By Chris Barclay

Joseph Parker stops at the resting place of Sonny Liston, the heavyweight champion who was brought to his knees outside the ring.

Liston's unexceptional grave marker at the Davis Memorial Park's Garden of Peace in Las Vegas has one distinguishing characteristic - tradition dictates those paying their respects leave a quarter-dollar coin.

The New Zealand heavyweight performs that ritual as a procession of planes approach McCarran International - the Garden of Peace is ironically situated on Eastern Avenue, adjacent to a runway.

Unlike Parker's visit to the graveside of another former champion, Joe Frazier, in Philadelphia nearly two years ago, the experience was a timely reminder of the importance of being surrounded - and influenced - by the right people.

Officially Liston died of lung congestion and heart failure, but an autopsy revealed traces of morphine and codeine in his bloodstream.

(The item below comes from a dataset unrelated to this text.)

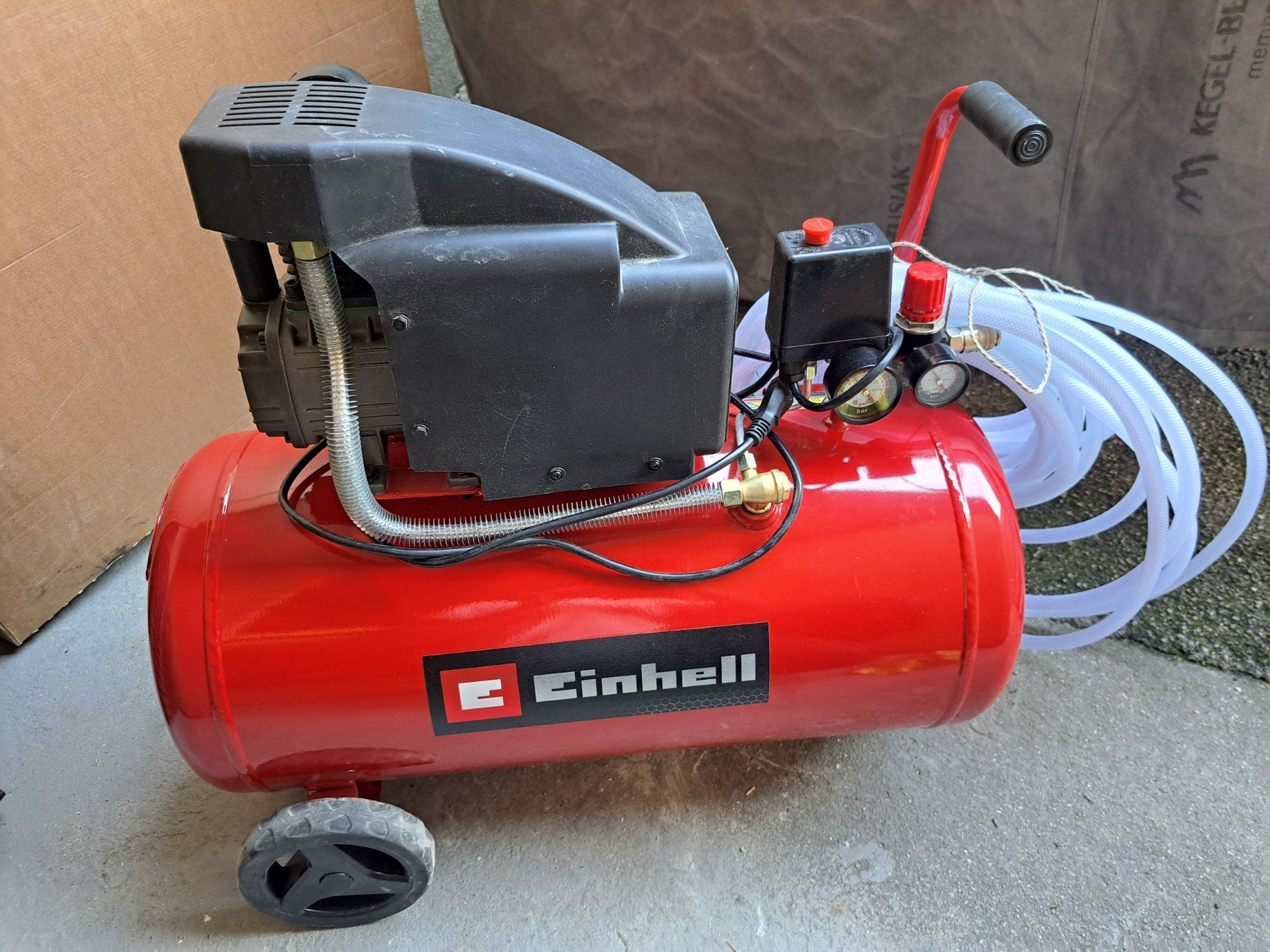 Einhell Kompressoren: Einhell Kompressor mit Schlauch – Gebraucht aus Pfaffnau von Holzziger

An arm had fresh needle tracks; marijuana, heroin and a syringe were found near his body - rumours persist a man with underworld associates was killed by the Mafia. There are also claims Liston overdosed on heroin sold to him by a bebop trumpeter called "The Red Arrow".

He was discovered in a Las Vegas apartment on January 5, 1971, more than 21 years before Parker was born, but for the South Aucklander Liston's demise was a reality check.

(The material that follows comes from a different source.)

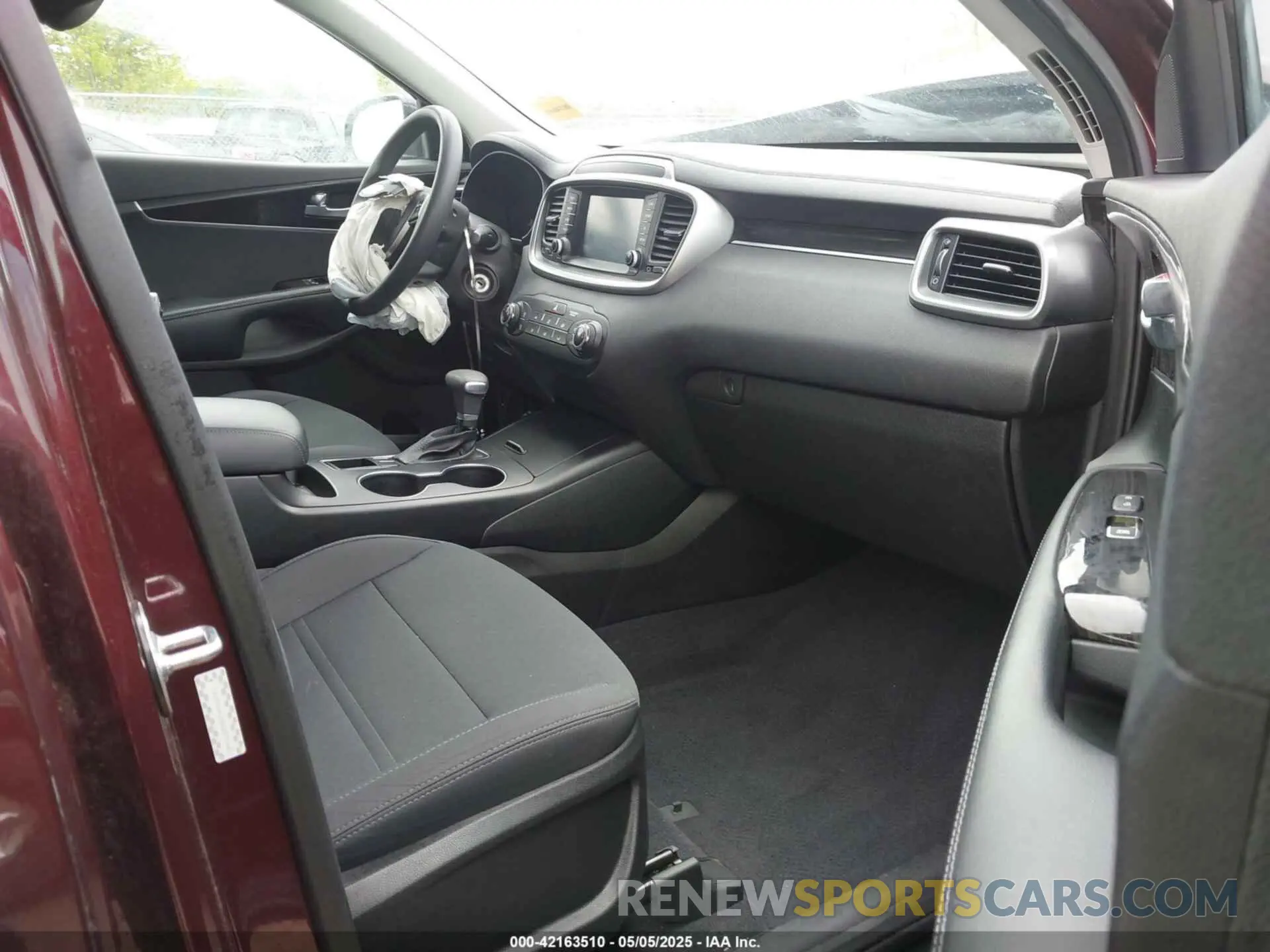 5 fotografías del automóvil dañado 5XYPG4A35KG576447 KIA SORENTO 2019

"You have to have the right people around you to give you the right advice and guide you the right way. Like we see with Sonny, we're not sure how he died, maybe it was an overdose, maybe someone drugged him. No one knows the story," he says.

Parker, meanwhile, is determined there will be no conjecture, no second guessing at the end of a boxing career guided by Kevin Barry, a polarising figure in the Samoan community.

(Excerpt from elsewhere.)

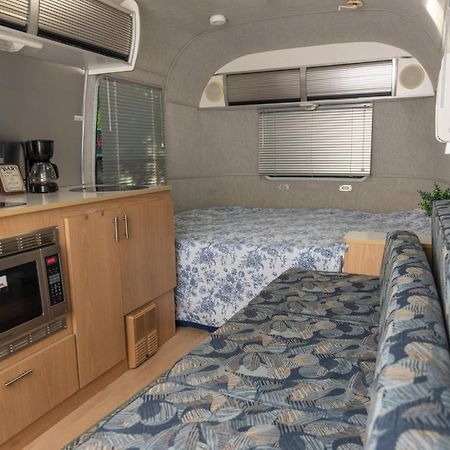 Airstream In The Center Of It All Miami Ngoại thất bức ảnh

The legal wrangling between Barry and David Tua was topical once Parker turned professional and wanted to be trained by the Las Vegas-based Cantabrian.

"It wasn't a hard decision to make, it was easy because I wanted to improve my boxing," said Parker, as he prepares for a July 21 fight with Solomon Haumono in Christchurch.

Just two fights into their union, Barry knew Parker was in his corner during a promotional visit to Dunedin after Francois Botha was knocked out in 2013.

"One guy bellowed out 'Barry, are you going to give Tua his money back?'. Joe walked over to the fence and just yelled at the guy. He was protective of me, which I was a little flattered by," he says.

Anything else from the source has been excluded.